Pattern 3: A/B Testing with Confidence

def compare_models(model_a_outputs, model_b_outputs, n_judge=100):
    """Statistical comparison with mixed evaluation."""

    # Automated metrics on all
    auto_a = [automated_eval(r) for r in model_a_outputs]
    auto_b = [automated_eval(r) for r in model_b_outputs]

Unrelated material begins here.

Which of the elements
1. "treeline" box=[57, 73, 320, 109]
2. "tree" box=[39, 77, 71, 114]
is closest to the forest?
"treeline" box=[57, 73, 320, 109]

    # Judge on sample for high-confidence comparison
    sample_indices = random.sample(range(len(model_a_outputs)), n_judge)
    judge_a = [llm_judge(model_a_outputs[i]) for i in sample_indices]
    judge_b = [llm_judge(model_b_outputs[i]) for i in sample_indices]

    # Statistical test
    t_stat, p_value = ttest_ind(judge_a, judge_b)

    return {
        "auto_mean_a": np.mean(auto_a),
        "auto_mean_b": np.mean(auto_b),
        "judge_mean_a": np.mean(judge_a),
        "judge_mean_b": np.mean(judge_b),
        "significant": p_value < 0.05
    }

Common Pitfalls

❌ Using BLEU for non-translation tasks

Problem: BLEU penalizes valid paraphrases Fix: Use semantic similarity or LLM-as-judge

❌ Trusting judge without validation

Problem: Judges can be confidently wrong Fix: Validate on human-annotated subset

❌ Evaluating on training data

Problem: Overfitting to specific phrasings Fix: Hold out evaluation set, test distribution shift

❌ Ignoring evaluation cost

Problem: Expensive evaluation limits experimentation Fix: Use stratified sampling, cheaper models for filtering

Resources

Key Takeaways

No single metric is sufficient - use multiple complementary approaches
LLM-as-judge is powerful but expensive - use strategically
Validate judge scores against human judgment on representative samples
Optimize for cost with stratified sampling and model selection
Separate evaluation criteria - correctness, completeness, coherence, etc.

This is part of my AI research portfolio exploring practical approaches to production LLM systems.